Terraform and Ansible without the sprawl

Infrastructure code becomes dangerous when it starts trying to be a platform before the team has platform problems.

Terraform and Ansible can stay useful for years if they have a small job. Terraform owns durable cloud shape. Ansible owns machine and service setup where an image or managed service is not the better answer. Everything else needs to justify itself.

The sprawl starts with good intentions: one module for reuse, one role for consistency, one helper script for convenience. Six months later, nobody can tell whether a value comes from a variable, a default, a workspace, a secret store, or the one manual thing everyone forgot.

Modules should hide repetition, not decisions#

A Terraform module is useful when the decision has already been made.

If every caller overrides half the inputs, the module is not an abstraction. It is a negotiation layer. I would rather have three boring resources in the root module than a clever shared module with twenty knobs and no clear owner.

The test I use is simple: can a new engineer open the environment file and understand what will exist after terraform apply? If not, the module is probably hiding the wrong thing.

module-boundary.tf

module "service_bucket" {
  source = "../modules/private-bucket"
 
  name        = "inference-artifacts"
  environment = var.environment
}

The module can standardize encryption, labels, lifecycle policy, and access patterns. It should not hide whether the bucket exists, who owns it, or why it is there.

State is a production dependency#

Treat state like a database, not a cache.

That means remote state, locking, least-privilege access, and a written recovery path. It also means small state files. One giant state for the whole company feels convenient until a harmless change to a dashboard service needs to refresh half the cloud.

Split by ownership and blast radius:

network and shared foundations;
data stores;
application services;
observability;
experiments and temporary environments.

That split keeps a small service deploy from becoming an infrastructure ceremony.

flowchart LR A[foundation state] --> B[data stores] A --> C[app services] C --> D[observability] C --> E[temporary envs] B -. separate owner .-> D

Ansible is for the parts images do not cover#

I still like Ansible when the job is explicit: bootstrap a host, configure a service, rotate a config, repair drift, or document an operational procedure as code. I do not like it as a hidden runtime where business logic slowly moves into YAML.

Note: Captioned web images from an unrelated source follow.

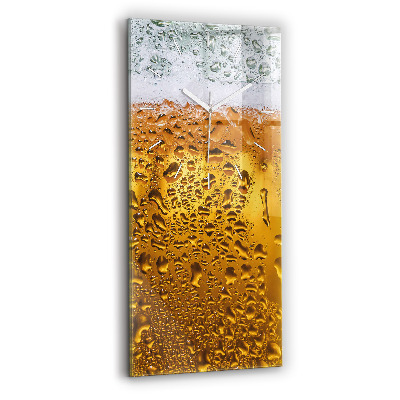 Orologio verticale in vetro Un boccale di birra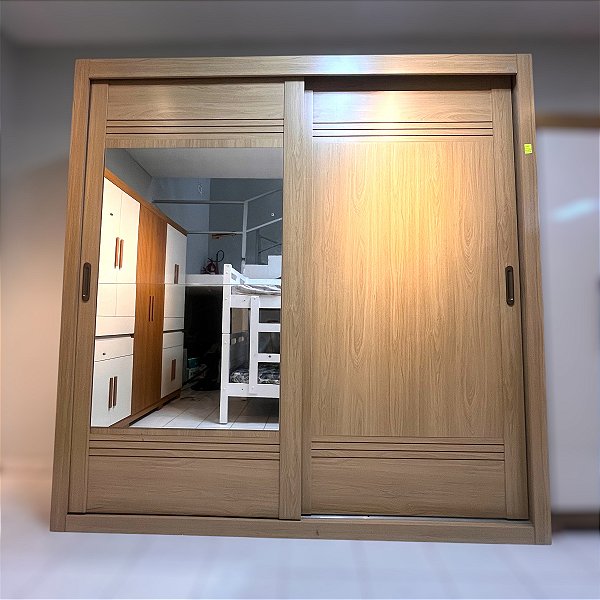 ROUPEIRO CASAL 2 PORTAS C/ ESPELHOS CASTANHO - TRIPOLI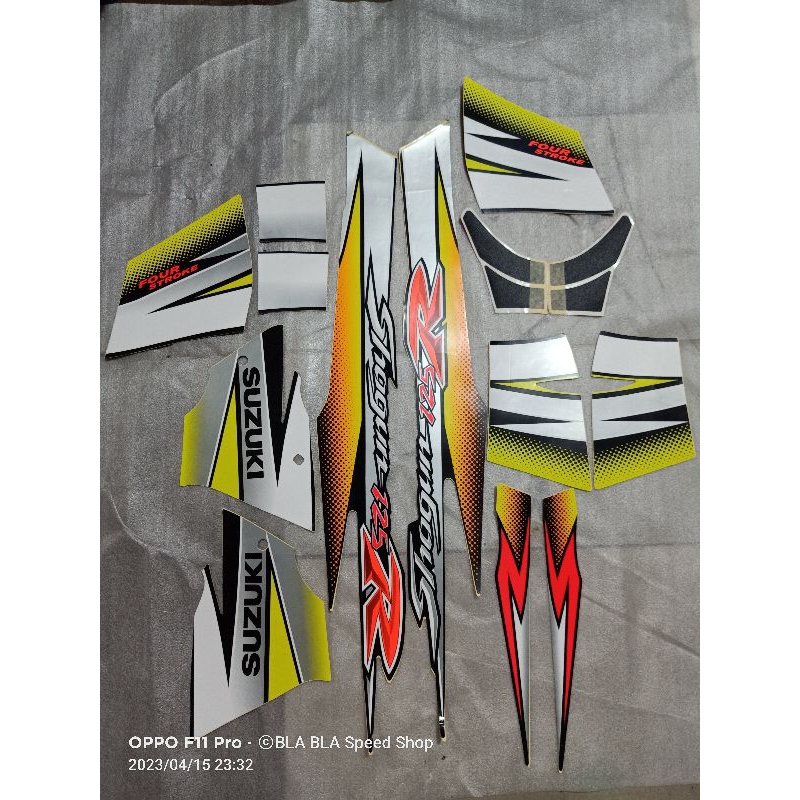 Striping suzuki shogun 125 R asli ori original SGP..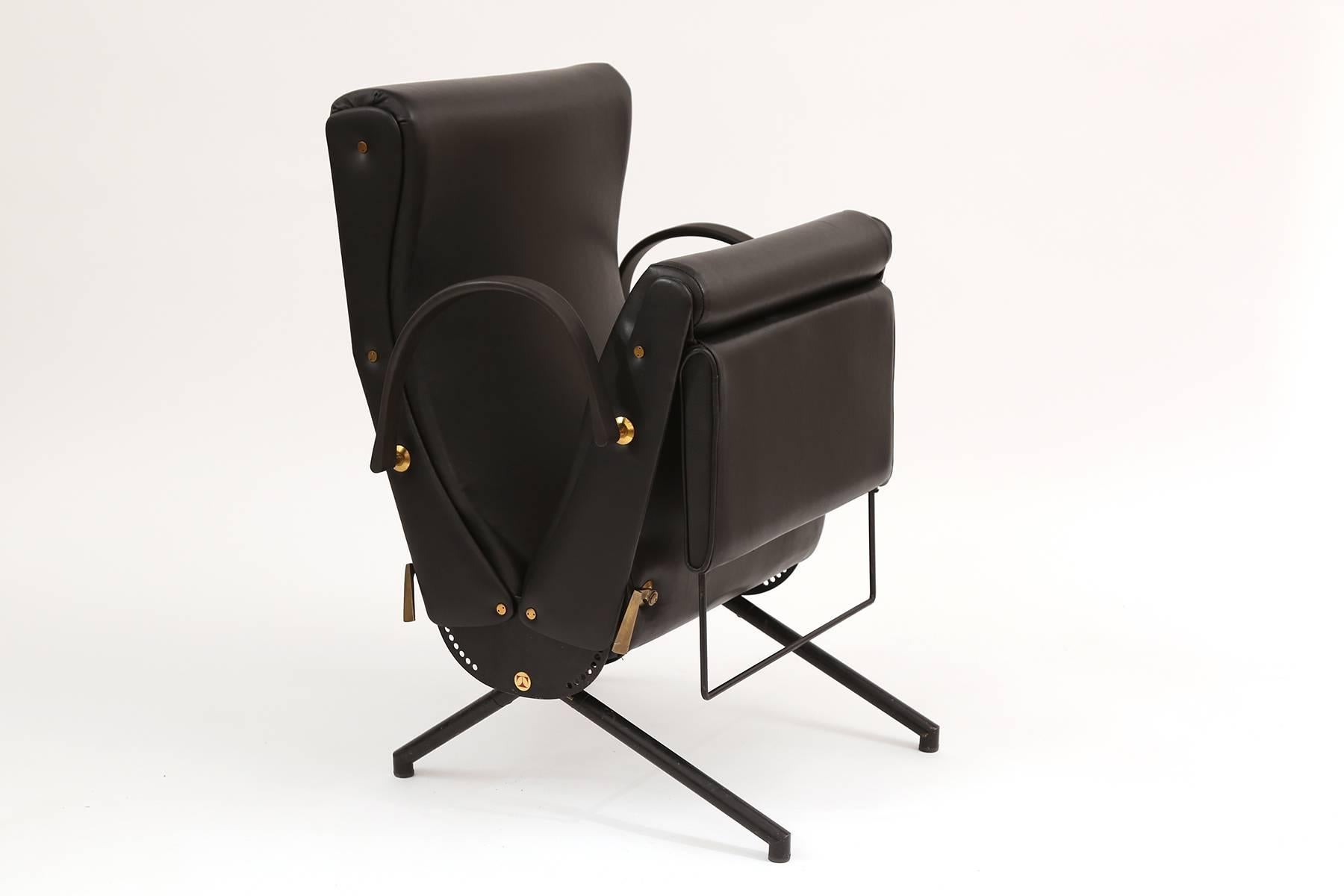 Mid-Century Modern Osvaldo Borsani for Tecno P40 Convertible Lounge Chair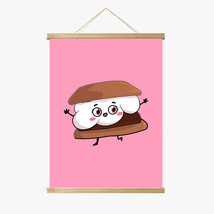 Summer the S&#39;more Magnetic Wood Frame Hanger by Dancing Littles Jungle - $39.99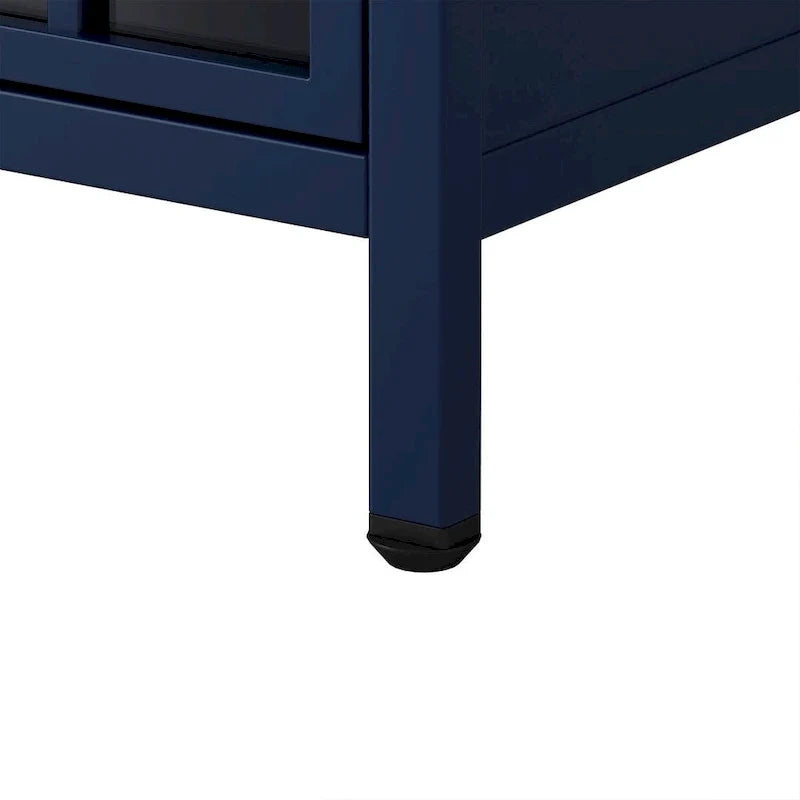 Modern Nightstand with Storage Cabinet & Solid Wood Tabletop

Good roles are idempotent, noisy in the right places, and boring to re-run:

role-rules.yml

- name: write service config
  ansible.builtin.template:
    src: service.env.j2
    dest: /etc/my-service/env
    mode: '0600'
  notify: restart service

The handler matters. The mode matters. The fact that secrets are not printed matters. Those details are the difference between automation and a script that makes people nervous.

Leave some things manual on purpose#

Not every rare operation deserves a pipeline. Some risky actions should stay manual with a runbook, a checklist, and a second pair of eyes.

The goal is not maximum automation. The goal is reliable operations. Automate the repetitive and error-prone paths. Keep the irreversible paths explicit until the team has enough reps to encode them safely.

That is how Terraform and Ansible stay useful: fewer knobs, smaller states, idempotent roles, and no pretending that code removes the need to think.